> **Exercise aim**: Images should be left out, and everything else in the listing reproduced exactly.
====
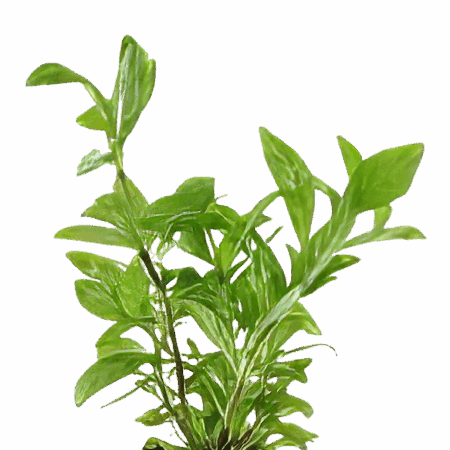 Five Bunched Plants Variable Leaf Plant Hygrophila Polysperma Variabilis
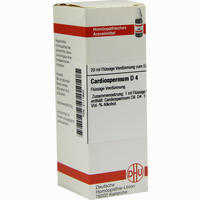 Cardiospermum D4 Dilution 20 ml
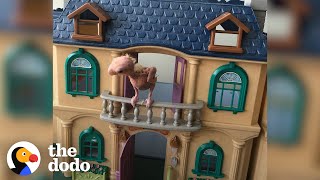 Naked Lovebird Guards His Dollhouse | The Dodo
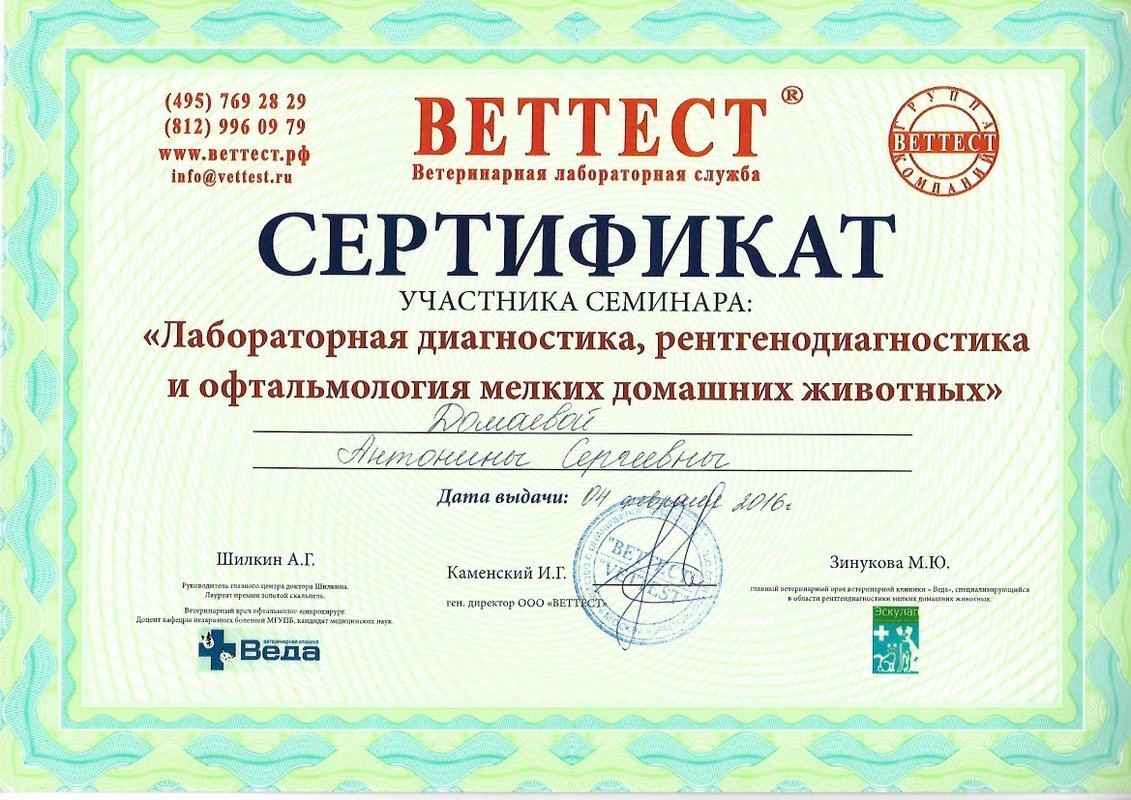 Документ или сертификат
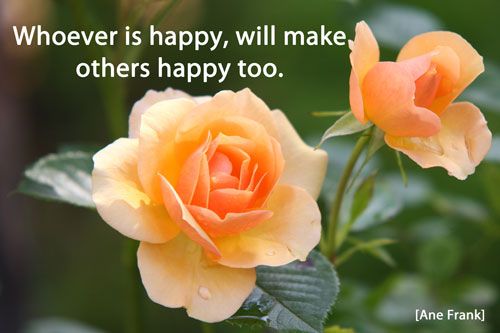 Quote: Whoever is happy...
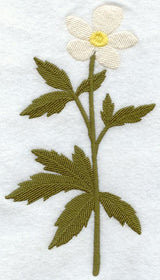 Canada Anemone (Long-Stemmed) (Thick Thread)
====
> **Output for this exercise**:
 Five Bunched Plants Variable Leaf Plant Hygrophila Polysperma Variabilis
 Cardiospermum D4 Dilution 20 ml
 Naked Lovebird Guards His Dollhouse | The Dodo
 Документ или сертификат
 Quote: Whoever is happy...
 Canada Anemone (Long-Stemmed) (Thick Thread)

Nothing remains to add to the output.